Internally we allocate m × n vertices.

There is a little trickiness here because we are thinking of this as a two dimensional array of vertices, but our Geometry data structure for storing vertices is indexed by a single number. We are going to deal with this as follows: First we will act as though we really two have two indices (i,j) , and then we will come up with a single index I to describe the index pair (i,j) .

As we discussed in class, the location of a single vertex on the globe vi,j in is given by computing the polar coordinates:

θ = 2π i / m
φ = -π/2 + π j / (n-1)

x = cos θ cos φ
y = sin θ cos φ
z = sin φ

vi,j = { x , y , z ,   x , y , z }

 

Note that the normal vector for each vertex is the same as its location. This is only true in the special case where the shape is a unit sphere.

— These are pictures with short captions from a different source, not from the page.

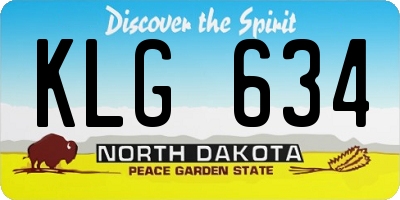 ND license plate KLG634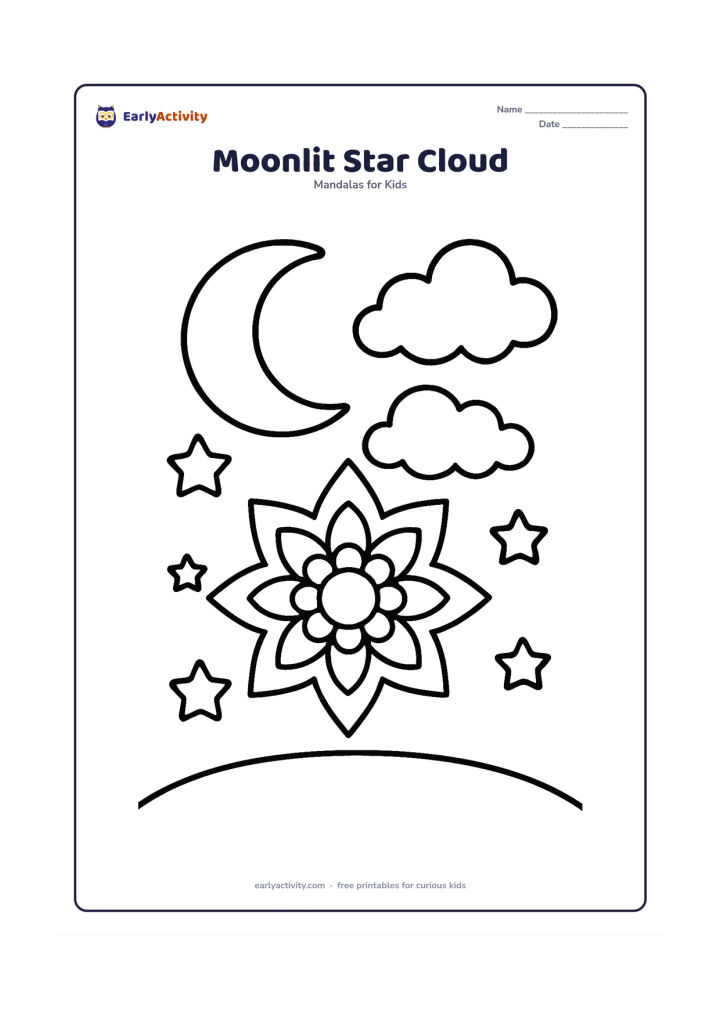 Colouring page: Place a large rounded star mandala beneath a crescent moon and two plump clouds. Add a few large, evenly spaced star shapes around it and a simple curved night-sky border.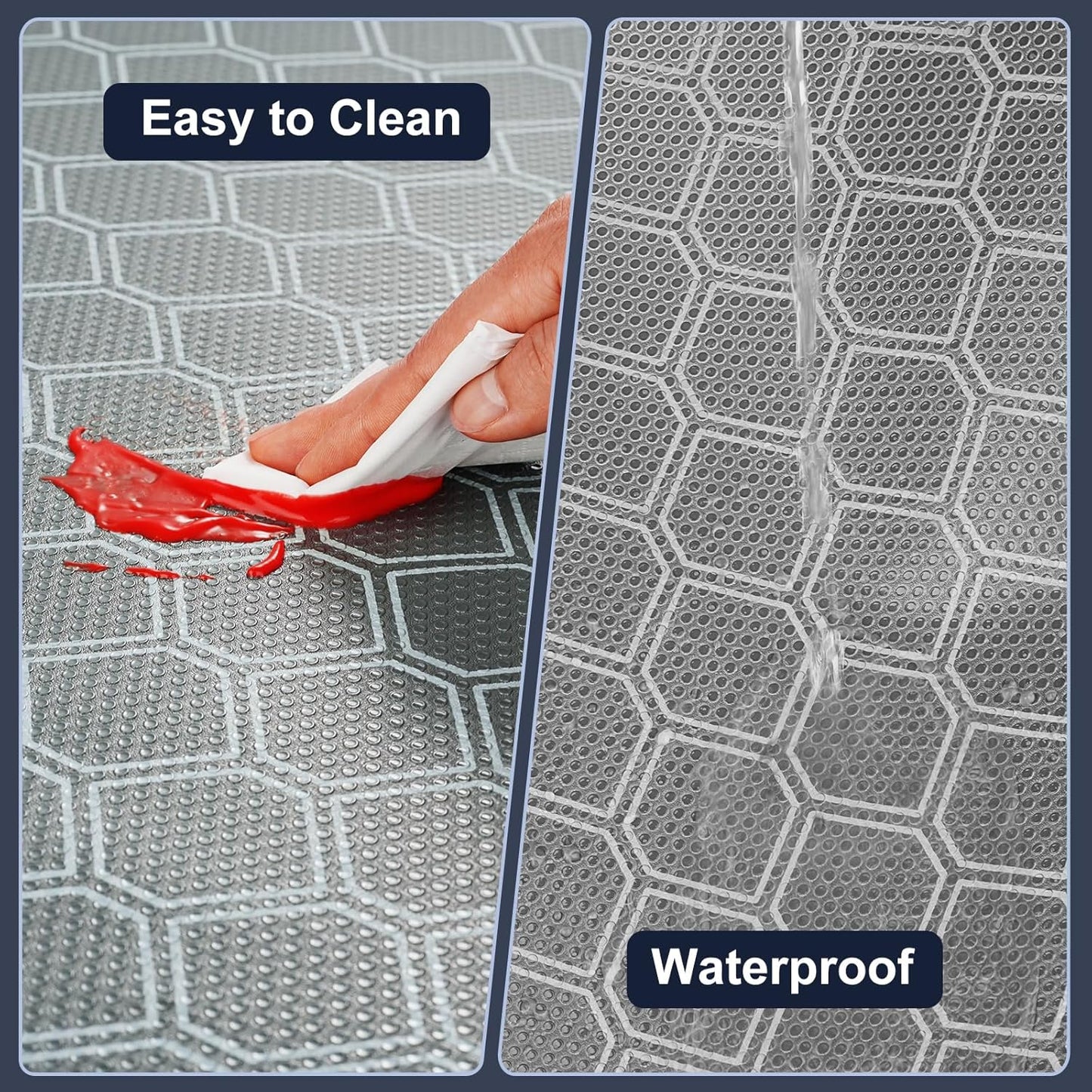 Non-Adhesive Shelf Liner Roll - Waterproof No-Slip Drawer & Cabinet Mat for Kitchen, Refrigerator, Bathroom, Easy to Cut EVA Drawer & Shelf Liners, 12" x 197", Grey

As we said above, we really need to this data into a singly-indexed array of vertices. We do that by defining a single array


   double vertices[ m * n ][6];
    

which is indexed by I = i + m * j. For convenience you mght want to define a function within the geometry object that does this mapping:

   double I(int i, int j) { return (i % m) + m * j; }
    

The faces will refer to this single index. The globe will have m × (n-1) faces, each with four vertices.

   int faces[][] = new int[m * (n-1)][4];
    

Using our handy dandy index mapping function I(i,j), each face is described as a counterclockwise loop of four vertex indices:

   face[i + m * j][0] = I(i,j);
   face[i + m * j][1] = I(i+1,j);
   face[i + m * j][2] = I(i+1,j+1);
   face[i + m * j][3] = I(i,j+1);
 

DISK

A flat circular disk can be approximated by an n-sided polygon. In this case it is useful to introduce one extra vertex, in the center of the disk, so that you can define the disk as a ring of triangles. There will be n+1 vertices:

θ = 2π i / n

vi = { cos θ , sin θ , 0 ,   0 , 0 , 1 }     where     0 ≤ i < n

vn = { 0 , 0 , 0 ,   0 , 0, 1 }

 

Rather than one giant polygon, it is better to use n triangular faces:


   int i1 = (i + 1) % n;
   face[i][0] = i;
   face[i][1] = (i + 1) % n;
   face[i][2] = n;
    

CYLINDER WITH END-CAPS

You can make a closed cylinder adding extra vertices and faces to your open tube. Instead of 2n vertices and n rectangular faces, you have all that plus the vertices and faces you would need for two sets of disks (one for the front and one for the back).

So you need a total of 2n + n+1 + n+1 = 4n + 2 vertices, and a total of n rectangular faces, plus 2n triangular faces.

HOMEWORK

Your assignment, due next Wednesday, February 25, is to implement some of these shapes - as many as you can - and to make a cool and fun animated scene using them. Also, see if you can make other sorts of shapes, like extruded shapes with non-circualar cross-section, such as an elliptical cylinder, or a cylinder with a star-shaped cross-section.

If you are ambitious, you might also try a torus. The location of one surface point on a torus is as follows:

x = cos θ (R + r cos φ)
y = sin θ (R + r cos φ)
z = r sin φ
 

where R is the radius of the large ring, and r is the radius (ie half-thickness) of the tube.